Or, aux termes de l’article L.211-17 VI. du code du tourisme, le délai de prescription pour l’introduction des réclamations est fixé à deux ans, hormis les réclamations portant sur l’indemnisation d’un dommage corporel.
En l’espèce, la première réclamation des époux [S] contre la société de droit étranger MSC CRUISES SA a été portée dans l’assignation du 08/01/2025.
La date du refus d’embarquement qui a fait obstacle à la participation des époux [S] à la croisière réservée et payée, qui constitue le fait générateur du dommage et le point de départ de la prescription, est le 19/12/2022.
Dans ces conditions, l’action indemnitaire des époux [S] contre la société de droit étranger MSC CRUISES SA est prescrite et sera donc déclarée irrecevable.

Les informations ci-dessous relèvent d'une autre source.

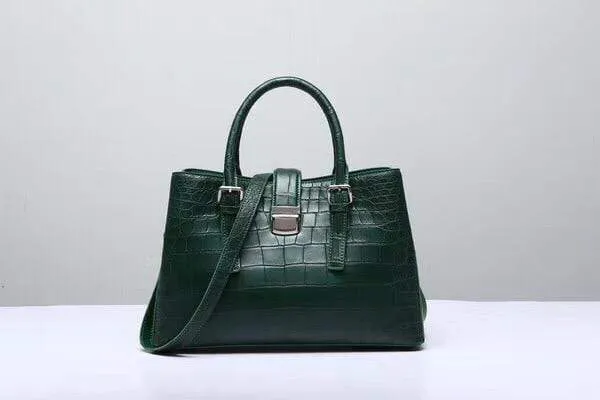 Genuine Crocodile  Leather Top Handle Tote With Crossbody Strap Green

Sur les demandes indemnitaires suite au refus d’embarquement sur le vol BA 379 du 19/12/2022 :
A titre liminaire, il sera procédé conformément à l’article 12 du code de procédure civile, à l’application prioritaire du droit européen et donc du règlement 261/2004 aux faits du présent litige.

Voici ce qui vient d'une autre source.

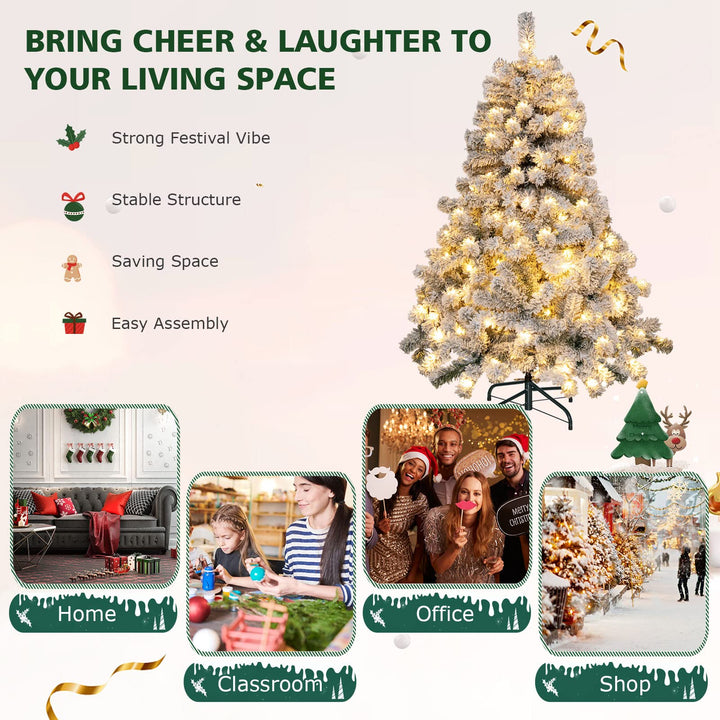 4.5 FT Flocked Christmas Tree, Pre-lit Hinged Xmas Tree with 150 Warm White LED Lights, 295 PVC Branch Tips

Les époux [S] font grief à BRITISH AIRWAYS de leur avoir refusé l’embarquement sur le vol BA379.
La compagnie aérienne explique que les époux [S] n’ont pas présenté la carte « Hayya » qui permettait, entre le 01/11/2022 et le 23/12/2022, l’entrée des étrangers sur le territoire de l’Etat du Qatar.
Il est établi que dans le cadre de la coupe du monde de Football, tout voyageur doit présenter une carte «Hayya » pour entrer sur le territoire du Qatar entre le 01/11/2022 et l 23/12/2022. En dehors de cette période, et pour un court séjour à caractère touristique, les voyageurs français ne sont pas soumis à la procédure d’obtention d’un visa préalable et n’ont besoin que d’un passeport valide au minimum six mois après la date d’entrée sur le territoire qatari.

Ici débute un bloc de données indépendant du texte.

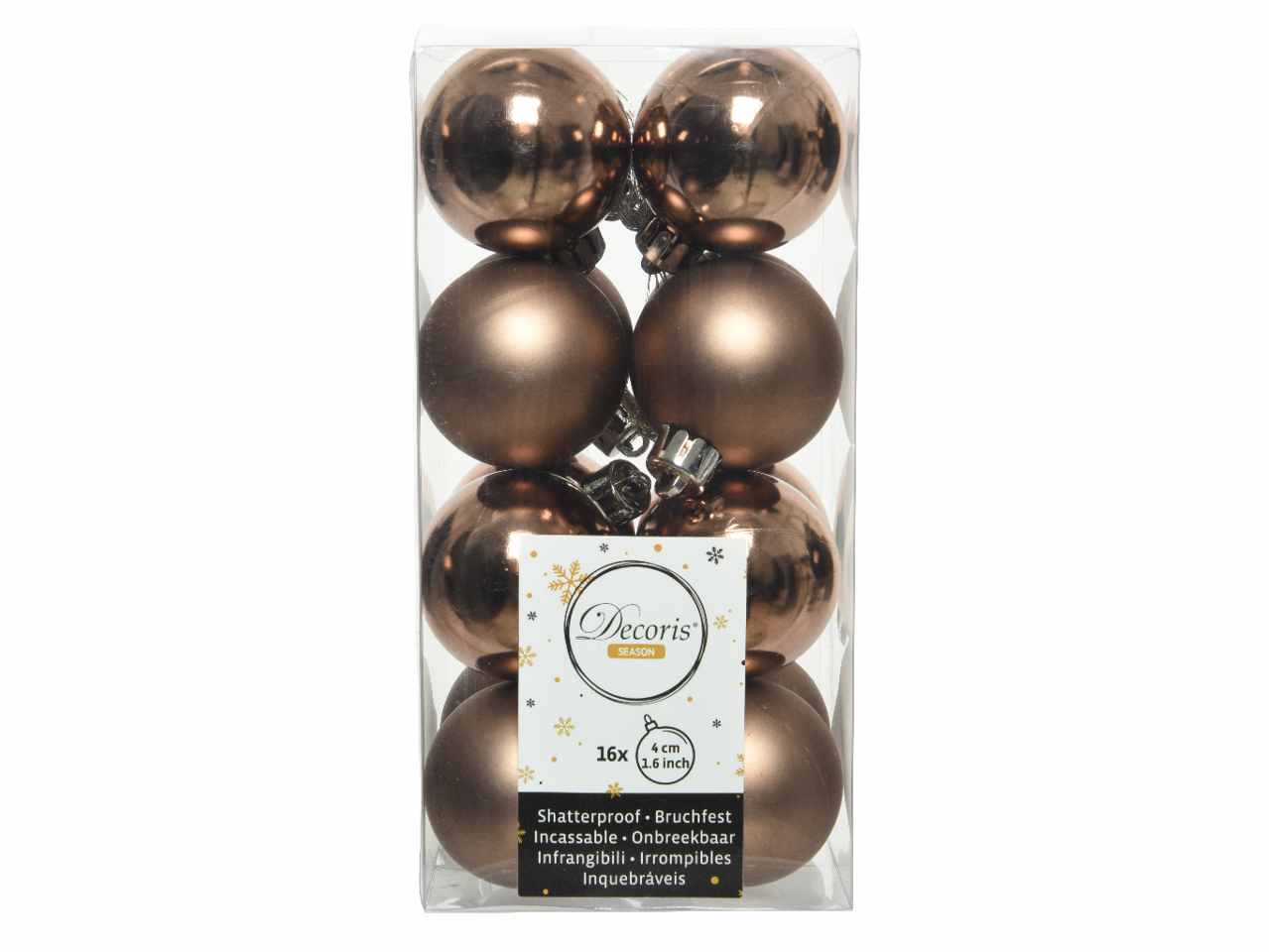 Sfera d.4cm 16pezzi marrone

Cependant, les époux [S] produisent aux débats (pièce n°18) un courriel de MSC Croisières envoyé à Mme [S] le 17/12/2022 à 19H26 informant les passagers que, « suite à un travail intensif et fructueux avec les autorités qataries, … tous les passagers embarquant à [Localité 6] à partir du 19 décembre sont dispensés de demander la carte Hayya », qu’il suffit de présenter au personnel de l’aéroport une copie imprimée du billet de croisière avec ce courriel, et que les autorités qataries informent actuellement toutes les compagnies aériennes de cette exception.
Ainsi, pour tous les passagers de croisière embarquant à [Localité 6] à partir du 19/12/2022, la carte « Hayya » n’était pas exigée.
C’est donc à tort que BRITISH AIRWAYS soutient que les époux [S] n’ont pas présenté les documents de voyage adéquats.
Le refus d’embarquement n’est donc pas justifié.
Aux termes de l’article 4.3 du règlement (CE) n°261/2004, « S’il refuse des passagers à l’embarquement contre leur volonté, le transporteur aérien effectif indemnise immédiatement ces derniers conformément à l’article 7, et leur offre une assistance conformément aux articles 8 et 9 ».
En cas de refus d’embarquement injustifié, chaque passager bénéficiera de l’indemnité forfaitaire prévue par l’article 7 du règlement 261/2004 calculée selon la distance entre l’aéroport de départ et l’aéroport d’arrivée, soit entre [Localité 14] et [Localité 6].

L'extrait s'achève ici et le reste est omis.